### Records to process
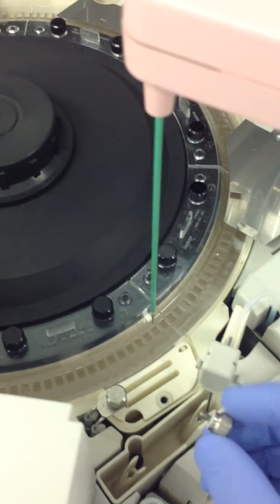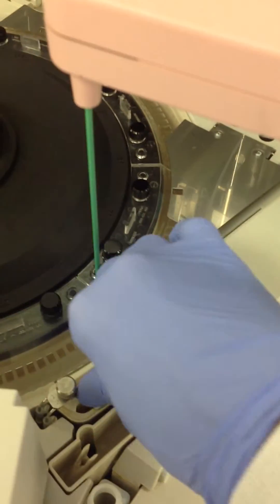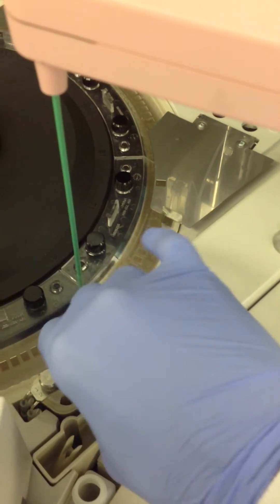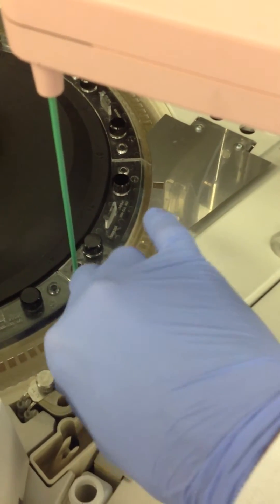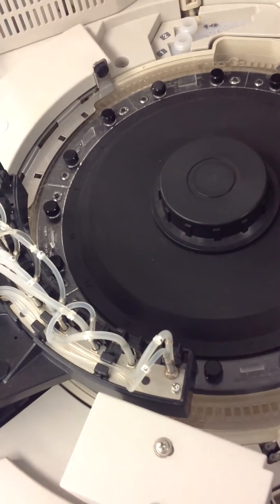You don't want to tighten the screws on too tightly because you want to try and avoid cracking it. Okay, so we got it back in there — not too tight, not too loose. The probe's back. That takes care of our 501.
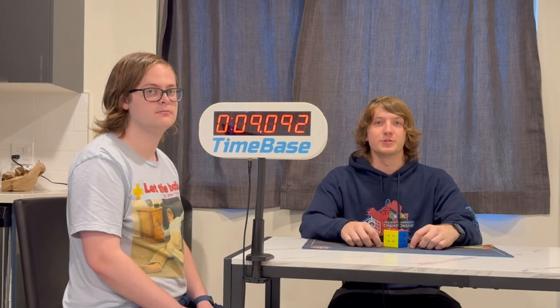And that's more or less Timebase. Keep in mind this is a very rough prototype — this is the first version. All future versions will be much better, look different, and have a couple of different features, but overall that's the system. We plan on using this at many competitions in the future around the world, and we hope to make it more widely accessible as soon as we can. Thanks for watching, and stay tuned for future updates.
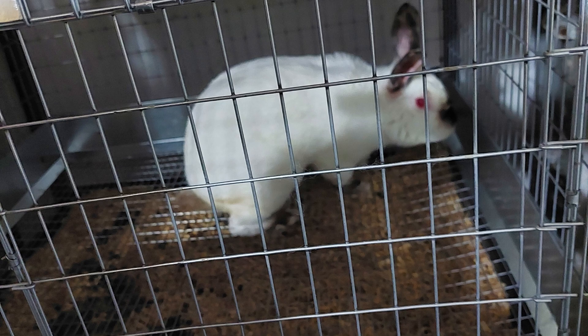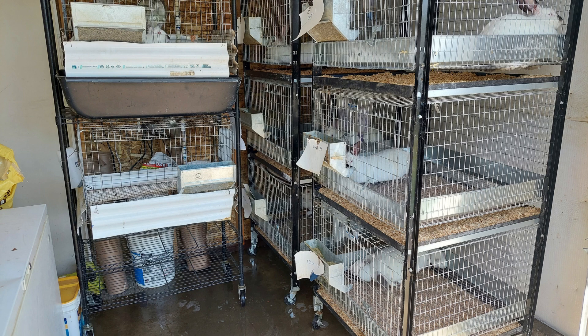These cages we brought from Bass Equipment, and they are 30 by 30s, three high on rolling casters. They have urine guards and then ABS plastic pans for the drip pans.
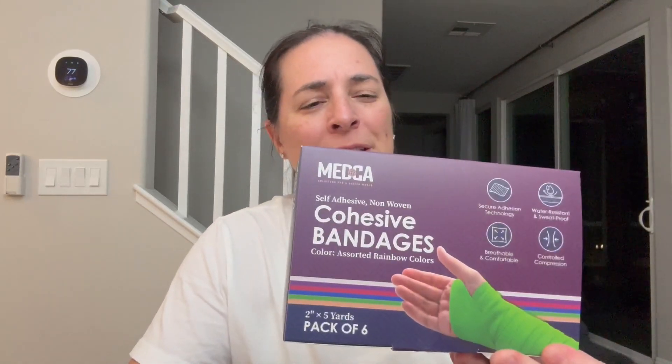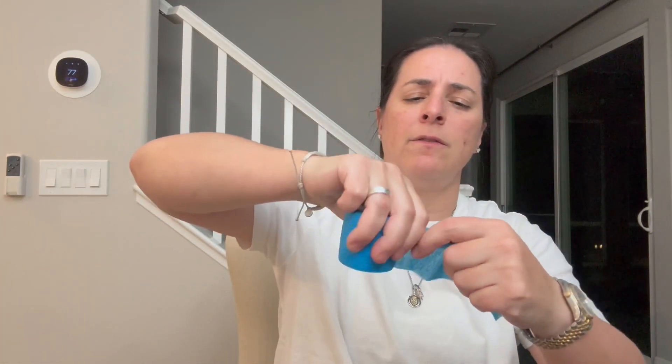Hey everyone, so I picked up this self-adherent tape. I go through this at the gym like crazy because right here tends to get really, really raw and or blistery for me when I'm lifting. So what I do before I go into the gym is I pull off a little bit of this — not very much. See how easily it rips. This is a two-inch tape and it is a five-yard roll.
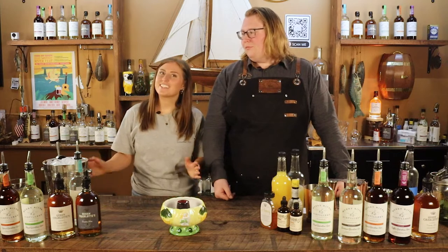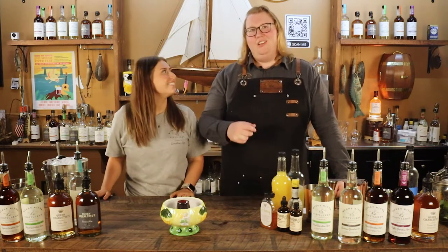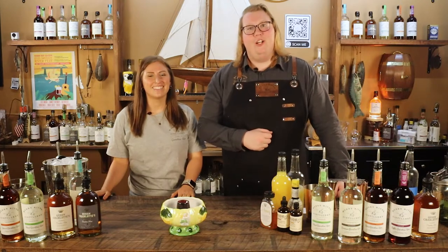Welcome back to another Mixology Monday. I'm Bree and I'm Lee. Today we've got our first bowl drink for you — the Tiki Bowl.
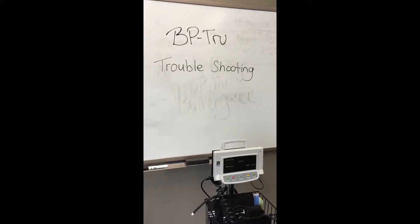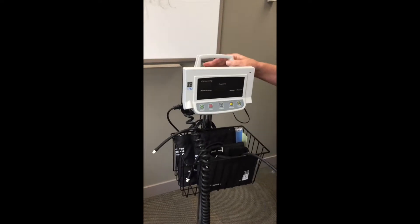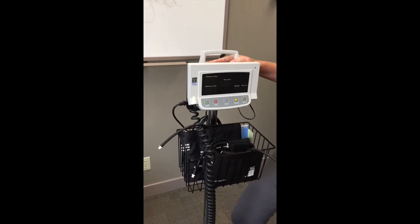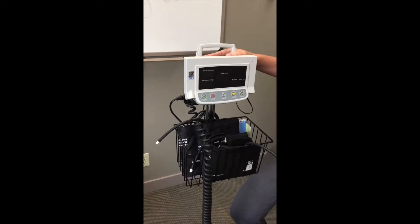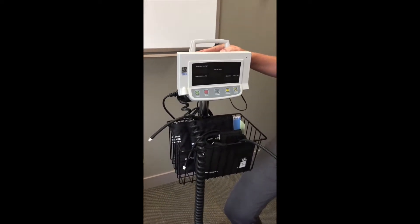BP TRU troubleshooting. Sometimes you will need to recalibrate or check your machine if it is giving you error messages or if you feel the blood pressure readings are not correct.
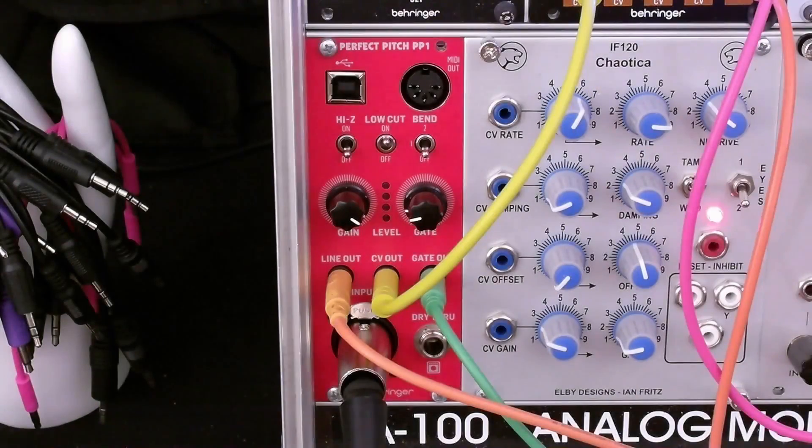The first demo is controlling a synthesizer with your voice. So let's take a look at the front panel controls of the Pitch Perfect, the PP1.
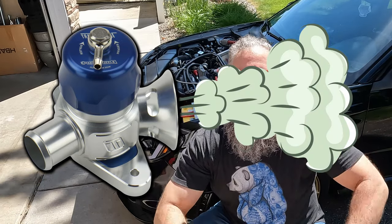Blow-off valves are used to blow off or release the extra pressure in the turbo system when the throttle body closes and no longer lets any more air into the engine.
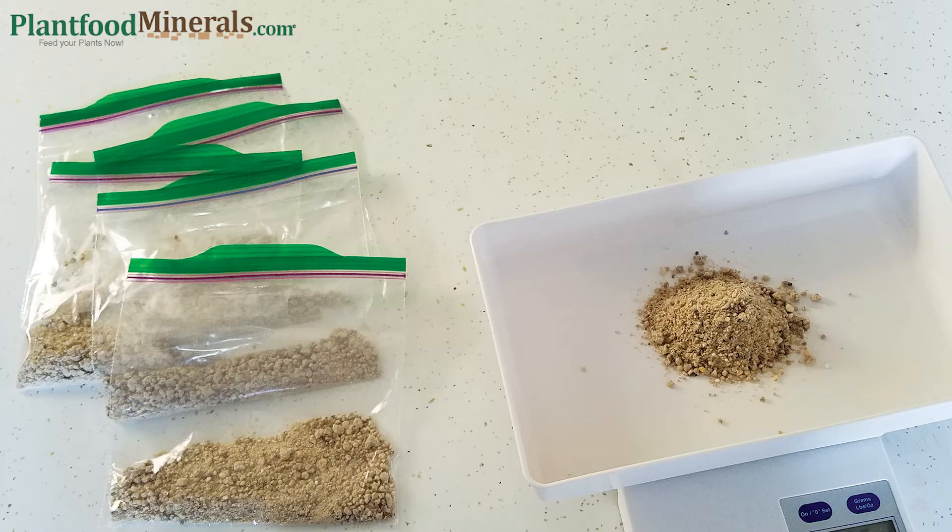I like to pre-weigh my constant feed into eight and 24 gram measurements and then put them into baggies, maybe five or ten at a time, just to save time and ease. You'll be surprised how much of the constant feed you use if you have any amount of seedlings.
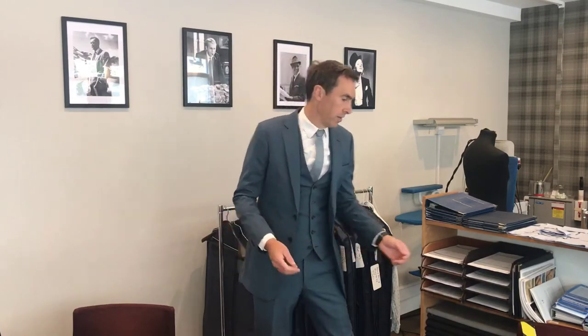When you finish wearing your suit there are a number of things you can do to keep it fresh. What you don't want to do is keep dry cleaning your suit — we've done another video on this which we'll link to in the comments.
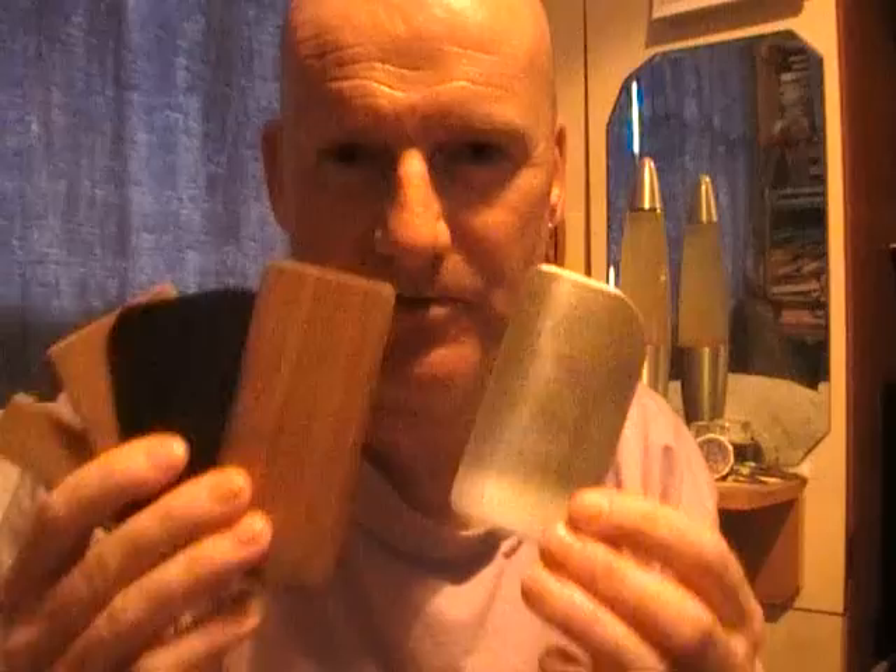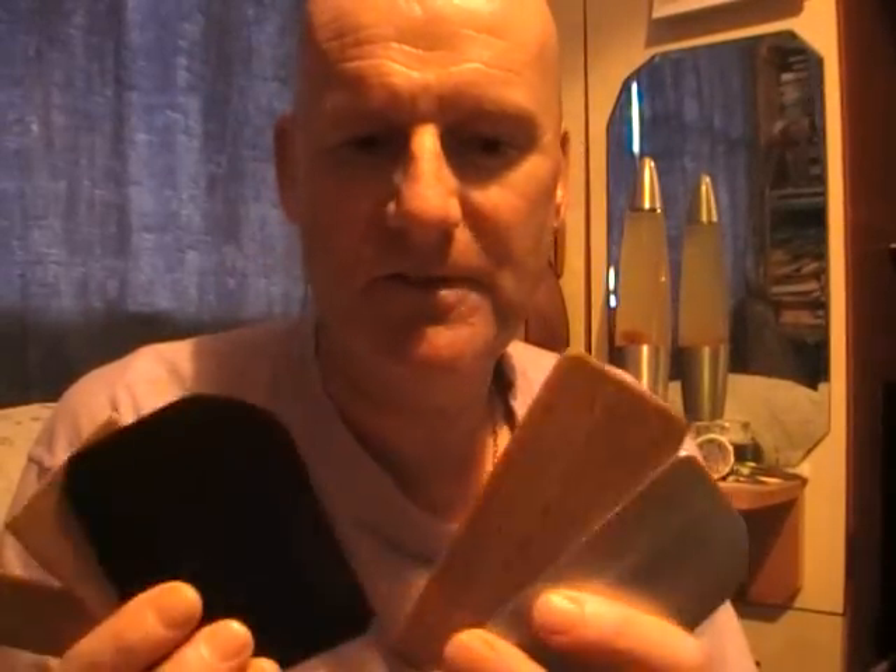Hi there. I've recently been getting quite a few questions about net mesh sizes and you're finding the subject a bit confusing. When you're net making, apart from your twine and your actual needle, another bit of equipment you use is called a mesh measure or a mesh stick or a mesh board. It's just three different names for the same thing and they come in a variety of different materials.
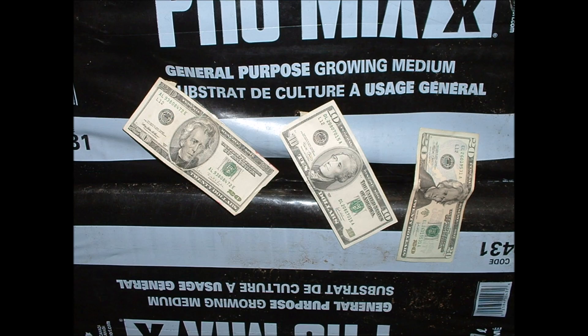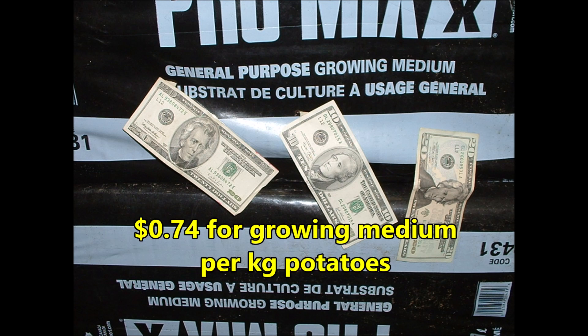But growing medium is expensive. In fact, in our best trials, it still costs 74 cents for growing medium to grow a kilogram of potatoes.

### What you should do
Every line from the one containing "Blow-off valves are" through the last line of the listing must be written out again exactly, and no other line. Leave the pictures aside.

### The answer
Blow-off valves are used to blow off or release the extra pressure in the turbo system when the throttle body closes and no longer lets any more air into the engine.
I like to pre-weigh my constant feed into eight and 24 gram measurements and then put them into baggies, maybe five or ten at a time, just to save time and ease. You'll be surprised how much of the constant feed you use if you have any amount of seedlings.
When you finish wearing your suit there are a number of things you can do to keep it fresh. What you don't want to do is keep dry cleaning your suit — we've done another video on this which we'll link to in the comments.
Hi there. I've recently been getting quite a few questions about net mesh sizes and you're finding the subject a bit confusing. When you're net making, apart from your twine and your actual needle, another bit of equipment you use is called a mesh measure or a mesh stick or a mesh board. It's just three different names for the same thing and they come in a variety of different materials.
But growing medium is expensive. In fact, in our best trials, it still costs 74 cents for growing medium to grow a kilogram of potatoes.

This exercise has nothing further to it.